Quietly, steadily over the last few years professors at the Mason School of Business have been working to develop a seminar series that would provide area businesses with the tools and information to avoid the many pitfalls to success that confront them. Hector Guerrero, working under the leadership of the Technology and Business Center (TBC) at the College of William and Mary, has been at the forefront of this effort.
“It’s been this constant evolution of the courses from that first set of Virginia’s Center for Innovative Technology (CIT) events one- on- one consultations to a modular, all purpose system of classes that we can now assemble for various organizations and businesses,” Guerrero said. “It has gone through some real refinement.”

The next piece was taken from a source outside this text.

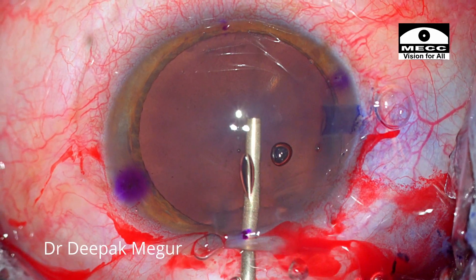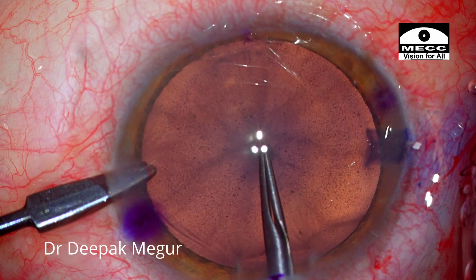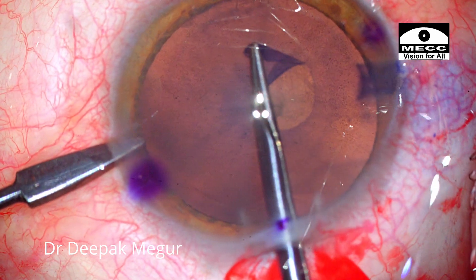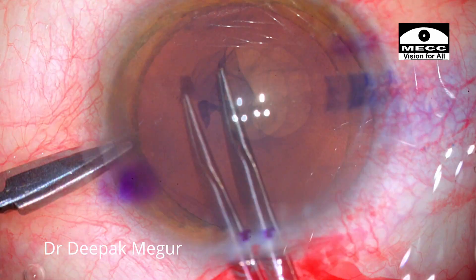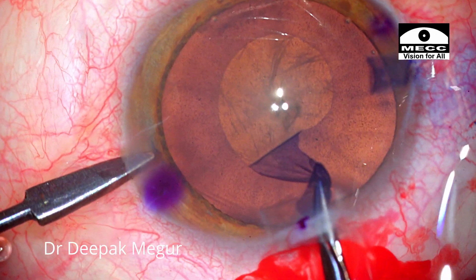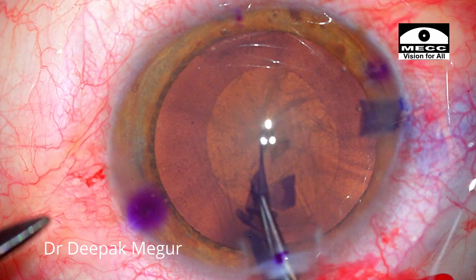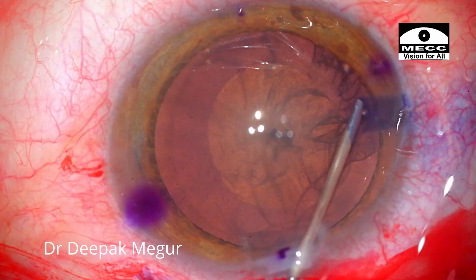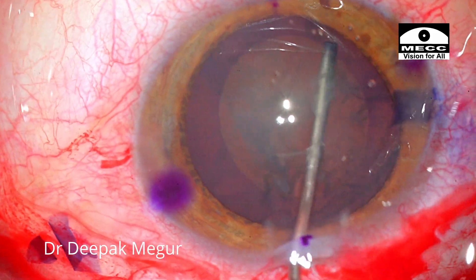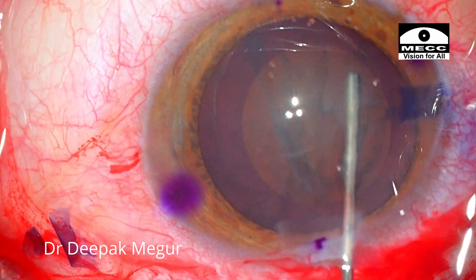Let's see how things work out. I am aiming at a 5 mm capsulorhexis which is centered around the Hirschberg reflex. Looks to be fine. Cortical cleaving hydrodissection is done to loosen up the cortex-nucleus complex, followed by hydrodelineation.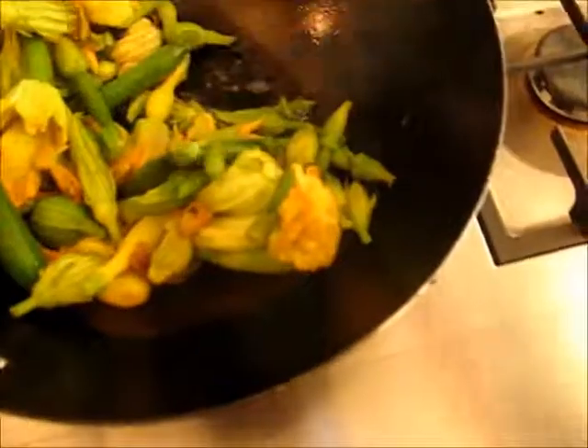I'm putting them in. You will see that the flowers, which are of course much finer than the actual baby zucchinis, will start fading much faster and decreasing in volume — that is absolutely fine. You'll have a little bit of crunch with the baby vegetables, and the flowers will be more mushy but very flavorful.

The TBC offers intellectual capital and business resources to entrepreneurs and early stage technology companies. Their support services include mentoring, financial and management consultations as well as infrastructure support. And, they provide key connections to William and Mary faculty.
Today, the seminar program features more than a half dozen William and Mary faculty members and offers regular programs including a Business Outreach Series and additional one-day events through the year, like the upcoming “Surviving the Credit Crunch” seminar scheduled Dec. 9. TBC estimates the programs have already served about 75 area businesses.
“We give them tools and techniques for finding cost cutting opportunities and then executing with their income statements and their balance sheets,” Guerrero added.
The programs strive to offer practical information targeted to the small business community.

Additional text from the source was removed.